# A DICE GAME



## Shade (Apr 5, 2008)

Yeah so a few months back i got sucked into this dice game my crew was playin , but ive forgotten how to play , it was basic i think 5 dice the goal was somethin like rolling higher numbers going high for 30 or something ,same with low the lower the dice then you have to roll under 12, but im really not sure of the rules and shit



if you know anything about wtf i talkin about refresh my memory please 

cheers,
shade


----------



## wokofshame (Apr 6, 2008)

sounds like the game known as craps


----------



## Clit Comander (Apr 7, 2008)

i've played boxcar, but i forget the rules. bones is where its at!


----------



## Labea (Apr 8, 2008)

me and co. have simply called the game of six dice "dice"

so you roll the dice

and you can either get a five or a one to roll again.
if you get three of a kind or 4 of a kind or ALL of a kind, 
well...

im too tired to actually think about this

but yes

dice...


----------



## jack ransom (Apr 12, 2008)

Labea said:


> me and co. have simply called the game of six dice "dice"
> 
> so you roll the dice
> 
> ...



you described about 20% of the rules of hot dice. my favorite game. Im tired at the moment as well, but maybe this forum could become a serious place where we can hash out the rules.... wikipedia has a bit of an article on hot dice and its actually a pretty old game but i've only really seen freight train riders rolling 1's n 5's.



Shade said:


> Yeah so a few months back i got sucked into this dice game my crew was playin , but ive forgotten how to play , it was basic i think 5 dice the goal was somethin like rolling higher numbers going high for 30 or something ,same with low the lower the dice then you have to roll under 12, but im really not sure of the rules and shit
> 
> 
> 
> ...




you played hi-lo. you roll six dice and you have to keep one die every roll. if you're going for a hi score, you have to get 30 or over, anything under and you bust. when shooting hi, 36 is a perfect score. if you're going lo you have to get 12 or under, anything over 12 and you bust. when shooting lo, 6 is a perfect score. 

hi lo is the shit. second only to hot dice.


I fucking adore dice games.
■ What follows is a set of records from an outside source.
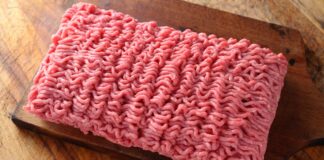 USDA alerta sobre posible contaminación con E. coli en carne molida de Whole Foods Carnes molida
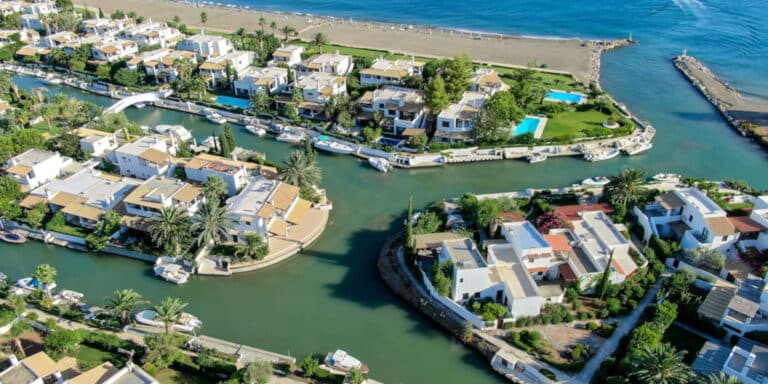 Πόρτο Ύδρα: Το παραδεισένιο χωριουδάκι της Αργολίδας με τα κανάλια – Η μικρή «Βενετία» του Αργοσαρωνικού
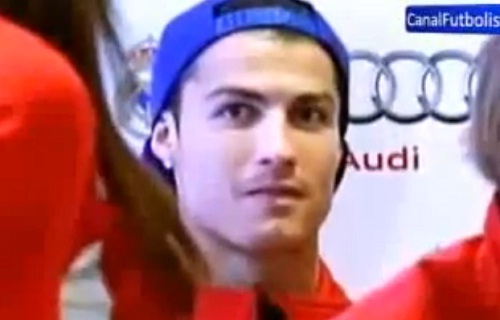 Cristiano Ronaldo tombe sous le charme d’une hôtesse (VIDEO)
Clit Commander, do you mind sharing bones with us????


----------



## mike (Apr 12, 2008)

itll rule if someone could explain "boxcar" ive played it but forgot how.


----------



## Mouse (Apr 14, 2008)

i think that's the same thing i know hwo to play but we called it "hot dice"

there was a chance to get "boxcars" in the game which is where you'd roll your dice and they'd all land the right way to make 3 pairs

it hard for me to explain how to play a game over a forum. it's somethign you gotta do in real life.

basically.. pairs of 1's and 5's and then 3's of other numbers added up until you lost an then you'd move on. you could choose to "stay' at any time and keep your points or keep rolling to build up more. 

like say you got 3 sixes... that'd be 600 points. a 1 = 100 and 5=50 and 3 1's = 1000 and 3 5's =500 and so on. if you tossed them out and got say 2 sixes, 2 ones, and 2 fours that'd be "boxcars" which was like 1500 points and you'd keep rolling. you have to make 1,500 points before you get on the board. 

it's gotta be the best dice game... then again it's the only one i know so I can't really say any different. but i love playing it.


----------



## mike (Apr 15, 2008)

Thanks Mouse yah your right i remeber dude who showed me calling it hot dice.


----------



## Mouse (Apr 15, 2008)

kay. it's a pretty fun ass game, 'specially when you're drunk.


----------



## jack ransom (Apr 16, 2008)

don't forget trainwrecks mouse!


----------



## Mouse (Apr 16, 2008)

never heard of that one. explain?

is that when you roll and get absolutely nothing?


----------



## jack ransom (Apr 18, 2008)

Mouse said:


> never heard of that one. explain?
> 
> is that when you roll and get absolutely nothing?



yeah thats right. its an instant bust.


----------



## Mouse (Apr 19, 2008)

ah ok. that one I always knew as a "Kristy". cuz my ex boyfriend taught me that game and he named it after his friend cuz she would constantly roll nothing several times in a row so he started just letting her get 500 points for a "Kristy" hehe


----------



## RandomRaccoon (Jul 31, 2008)

can anyone explain how to play "cutthroat" high low??? or is it "cut throat boxcar? eith er way the fucking coolest version of the game I ever played, but alas, one cannot stay drunk forever to remember that shit...


----------